DATASET RECORDS below:

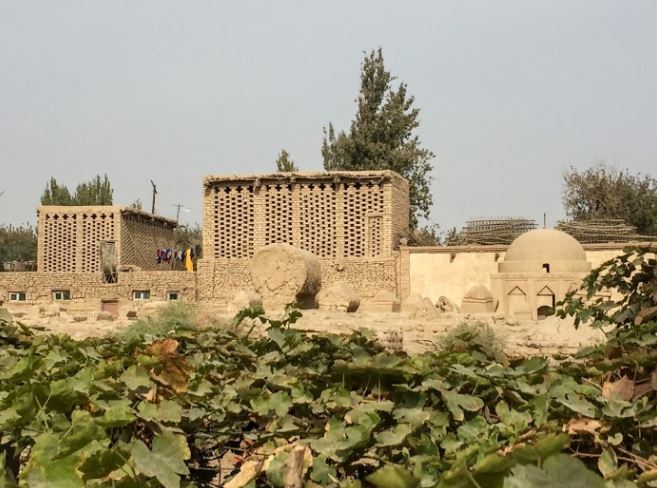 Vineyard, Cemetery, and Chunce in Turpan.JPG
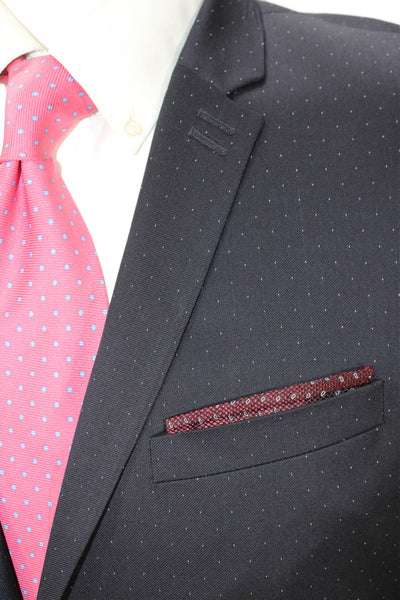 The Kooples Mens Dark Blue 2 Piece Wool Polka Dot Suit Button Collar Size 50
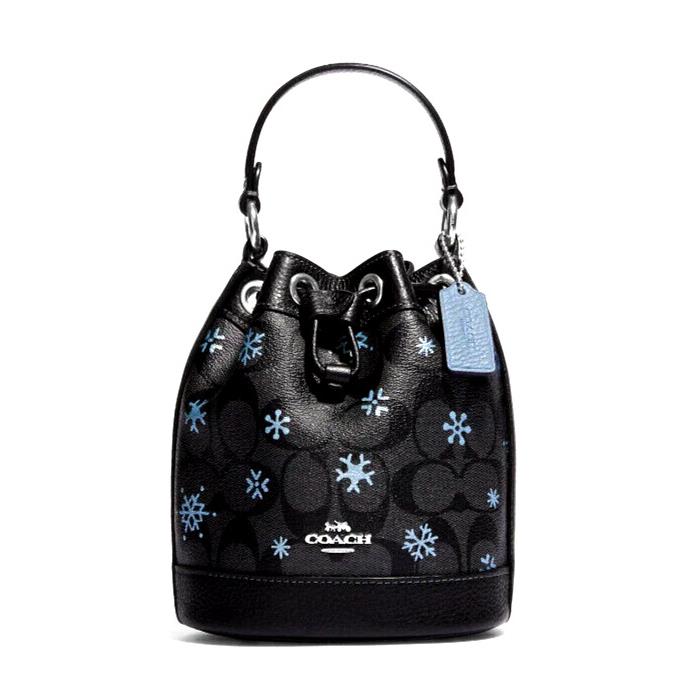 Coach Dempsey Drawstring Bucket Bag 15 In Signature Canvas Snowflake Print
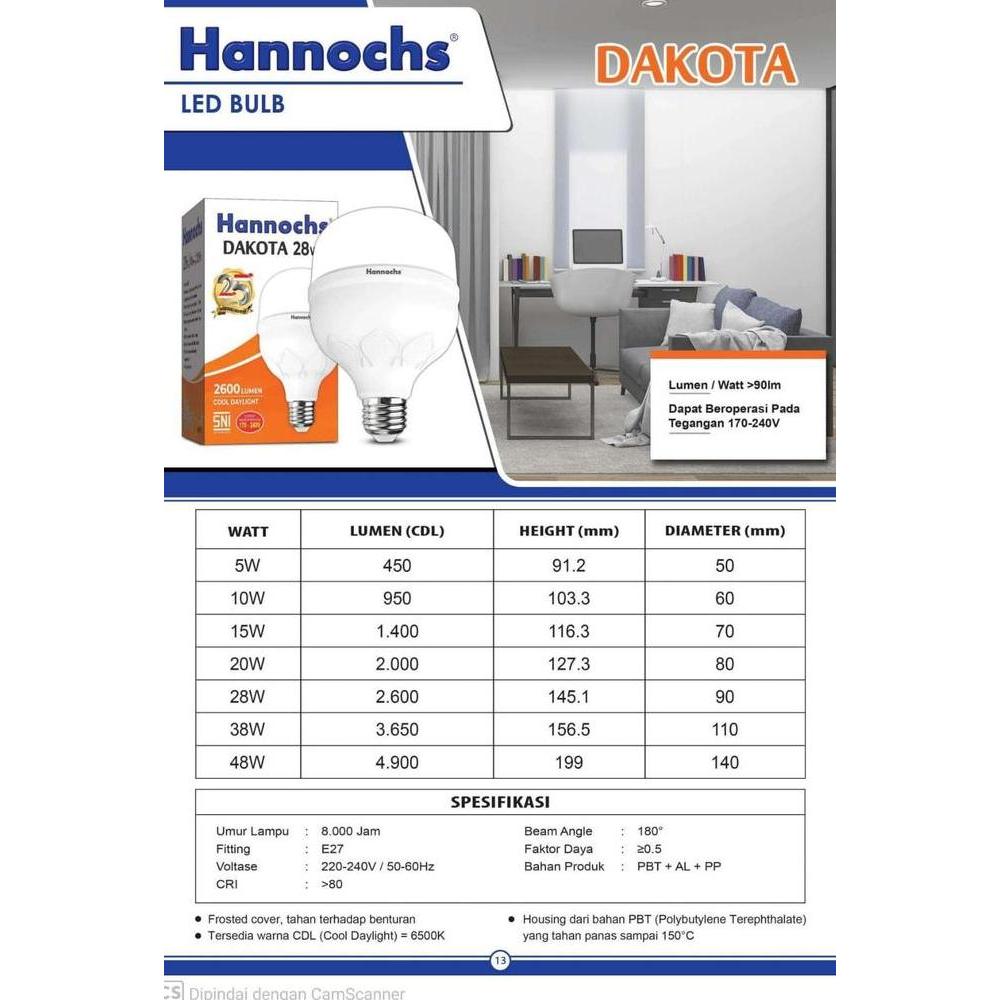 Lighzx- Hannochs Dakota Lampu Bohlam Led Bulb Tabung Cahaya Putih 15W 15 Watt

End of DATASET RECORDS.
DATASET RECORDS below:

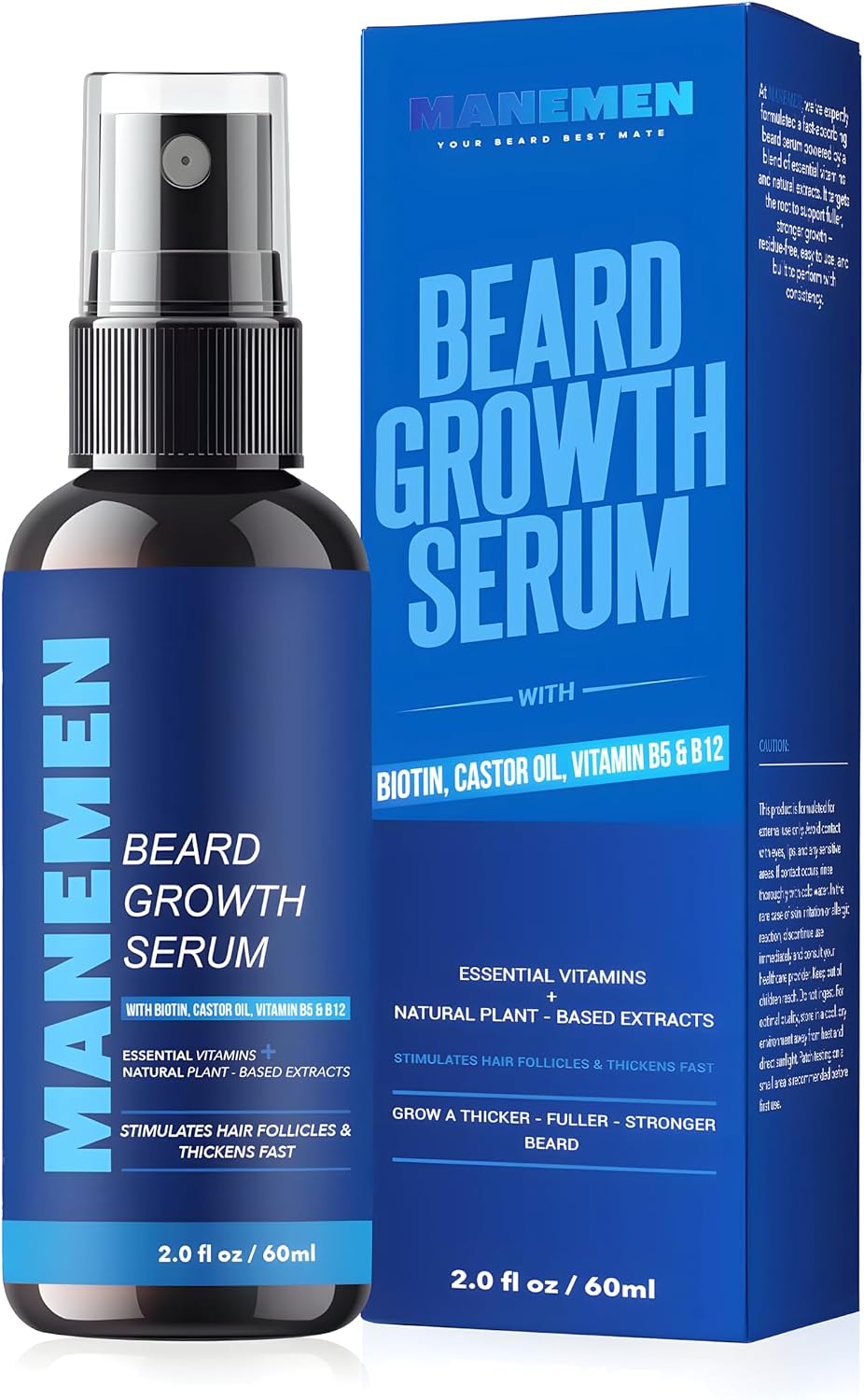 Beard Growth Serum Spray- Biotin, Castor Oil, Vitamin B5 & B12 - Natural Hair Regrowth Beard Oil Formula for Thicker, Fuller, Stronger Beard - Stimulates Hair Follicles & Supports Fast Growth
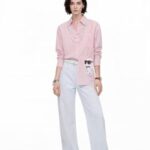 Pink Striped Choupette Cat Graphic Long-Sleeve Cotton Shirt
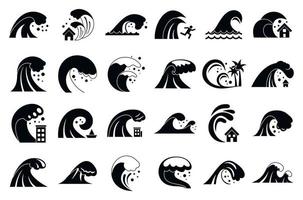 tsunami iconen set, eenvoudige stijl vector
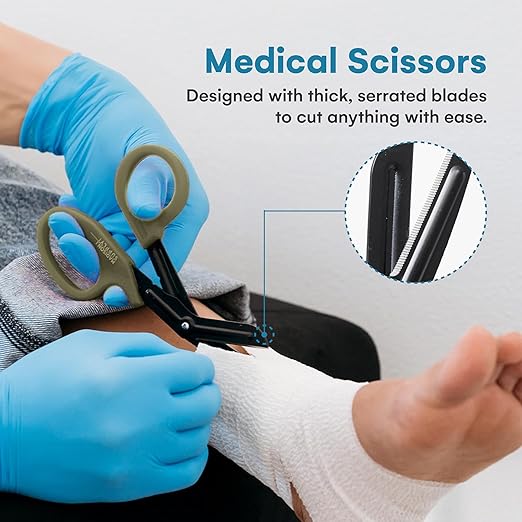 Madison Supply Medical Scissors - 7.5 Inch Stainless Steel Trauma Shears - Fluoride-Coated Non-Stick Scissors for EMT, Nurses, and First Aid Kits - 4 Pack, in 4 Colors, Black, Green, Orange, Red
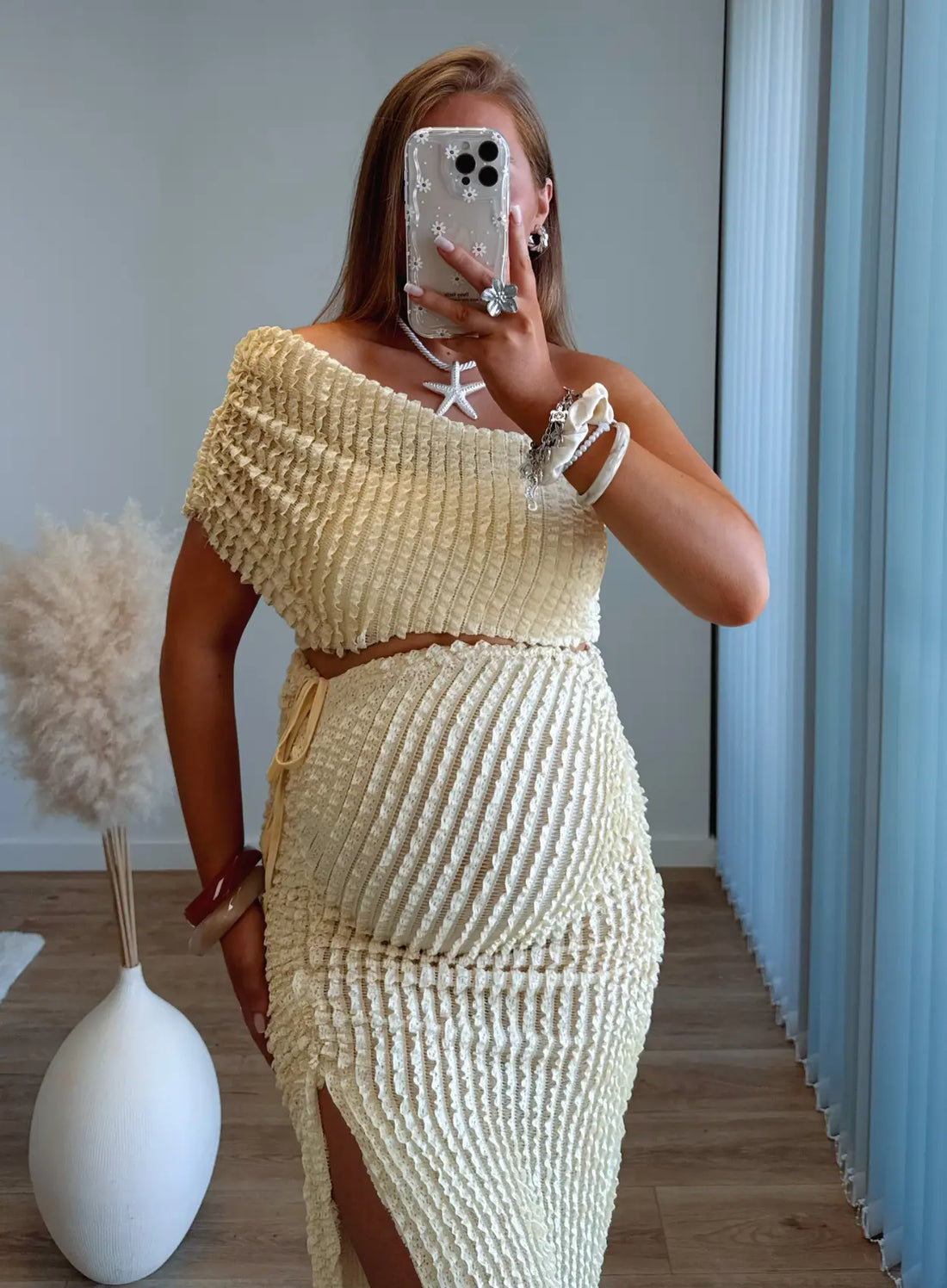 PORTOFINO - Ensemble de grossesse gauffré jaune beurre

End of DATASET RECORDS.

EXERCISE DESCRIPTION.
Among the entries above, copy exactly the stretch from the line holding "Coach Dempsey Drawstring" through the line holding "Lighzx- Hannochs Dakota", leaving out any pictures.

WRITTEN ANSWER.
 Coach Dempsey Drawstring Bucket Bag 15 In Signature Canvas Snowflake Print
 Lighzx- Hannochs Dakota Lampu Bohlam Led Bulb Tabung Cahaya Putih 15W 15 Watt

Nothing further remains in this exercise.